I'd like the data beneath this line reproduced exactly, without any of its images.

### SUPPLIED INFORMATION

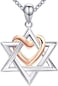 Apotie Sterling 925 Silver Love Heart Rose Gold Six Point Star of David Pendant Necklace Gift Jewish Jewelry for Women or Girls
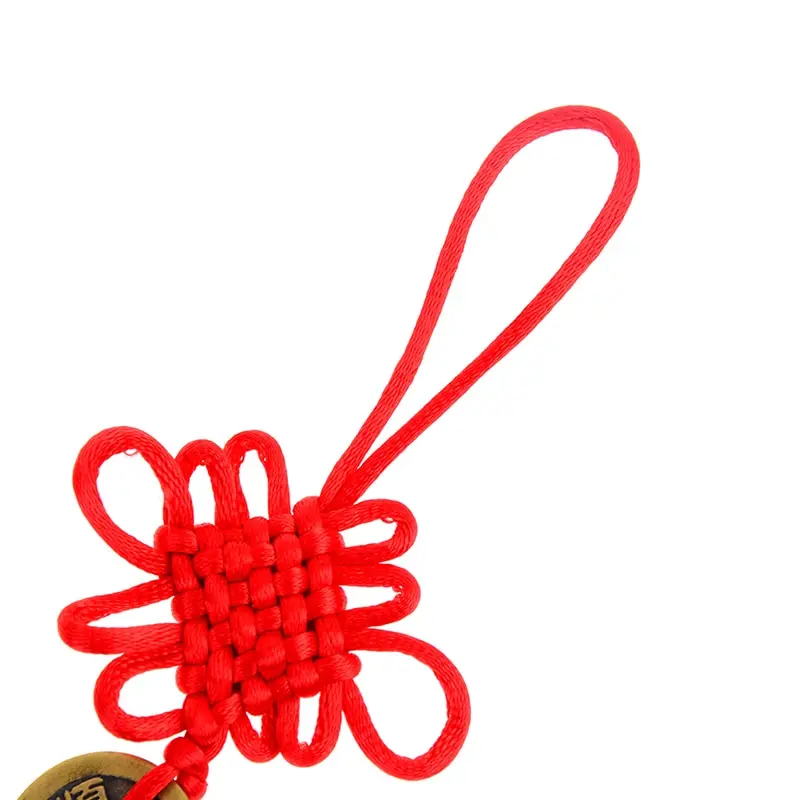 Красный китайский узел фэн-шуй набор из 9 счастливых шармов древних I CHING монет защита достатка удача домашний Декор автомобиля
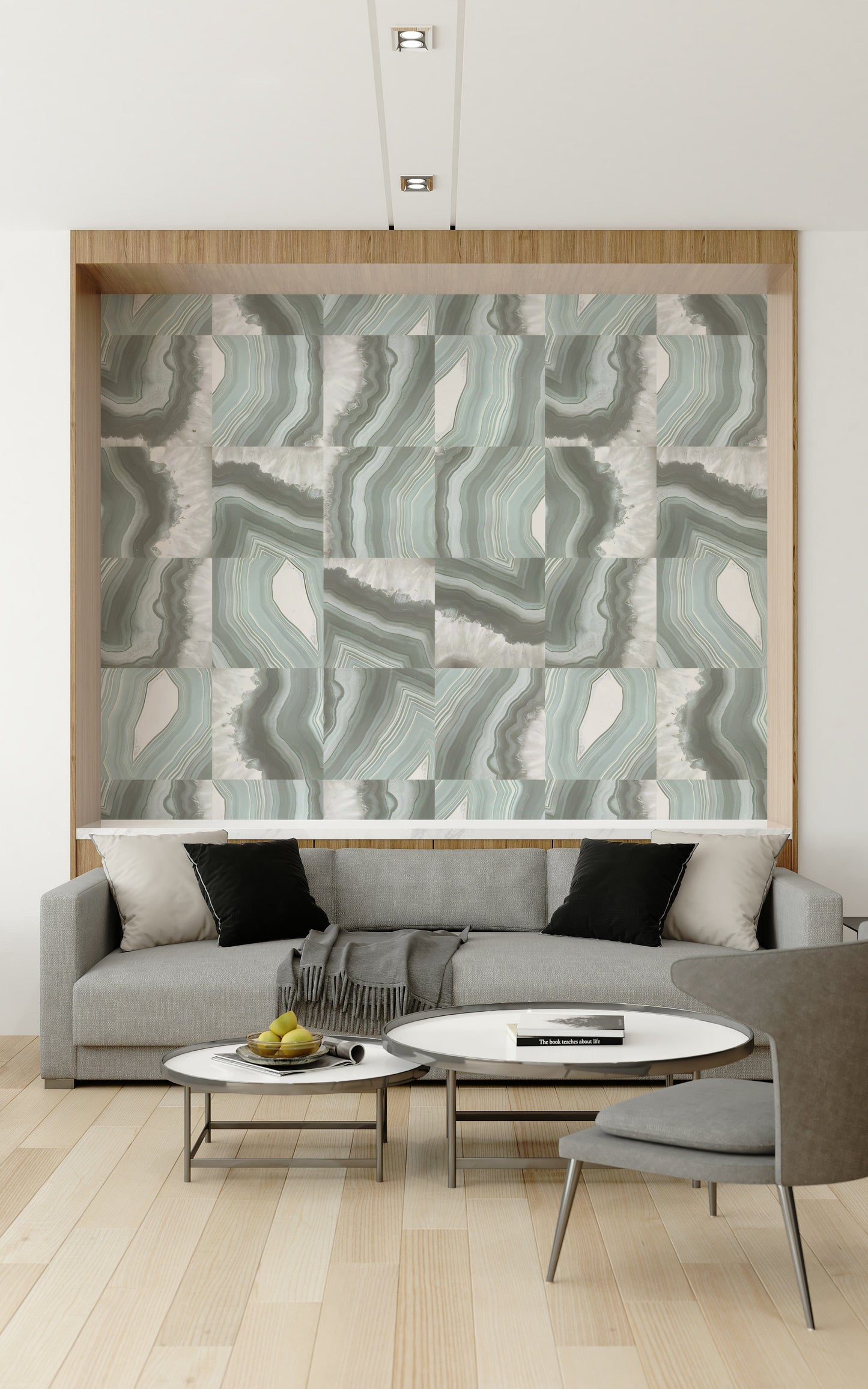 Decorative mural featuring soft green and white marble textures with natural agate flow.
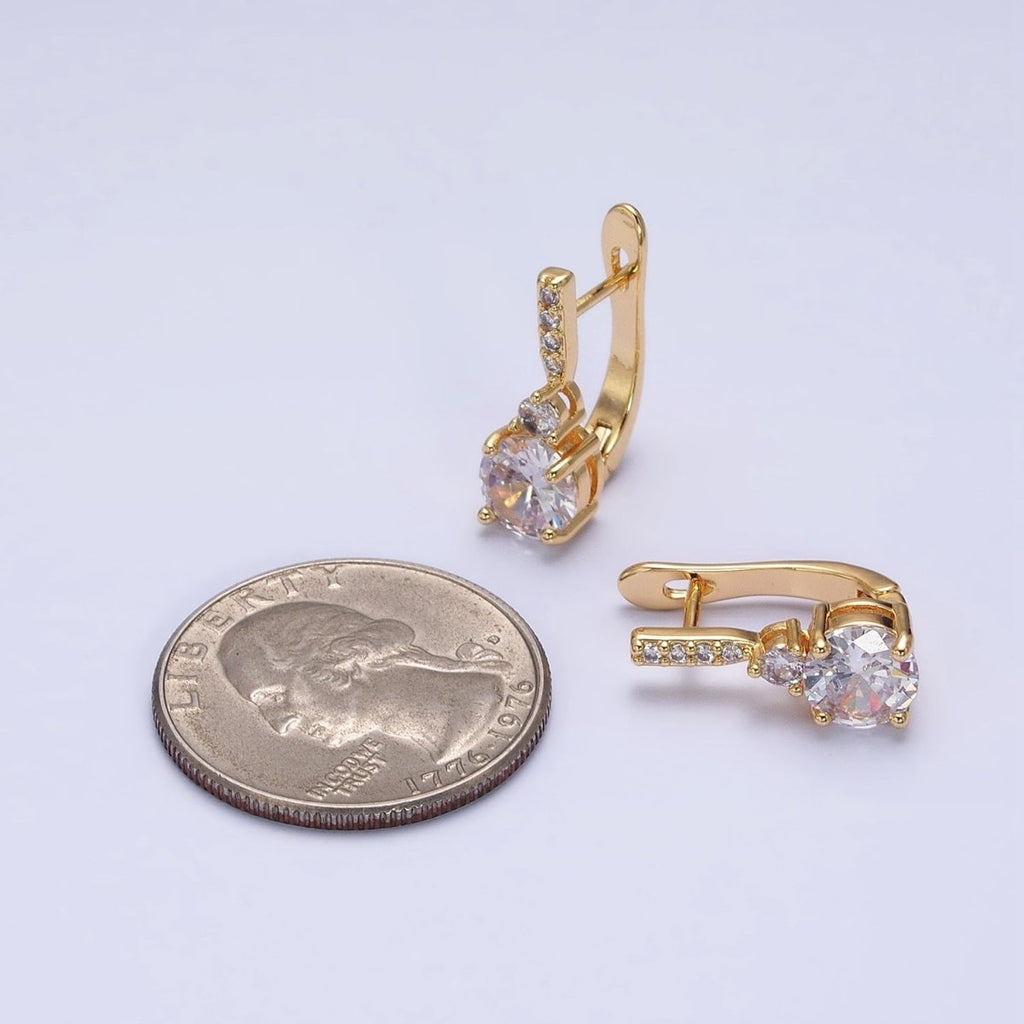 16K Gold plated Double Round Clear CZ English Lock Earrings | AB947 - DLUXCA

######

TASK SOLUTION:
 Apotie Sterling 925 Silver Love Heart Rose Gold Six Point Star of David Pendant Necklace Gift Jewish Jewelry for Women or Girls
 Красный китайский узел фэн-шуй набор из 9 счастливых шармов древних I CHING монет защита достатка удача домашний Декор автомобиля
 Decorative mural featuring soft green and white marble textures with natural agate flow.
 16K Gold plated Double Round Clear CZ English Lock Earrings | AB947 - DLUXCA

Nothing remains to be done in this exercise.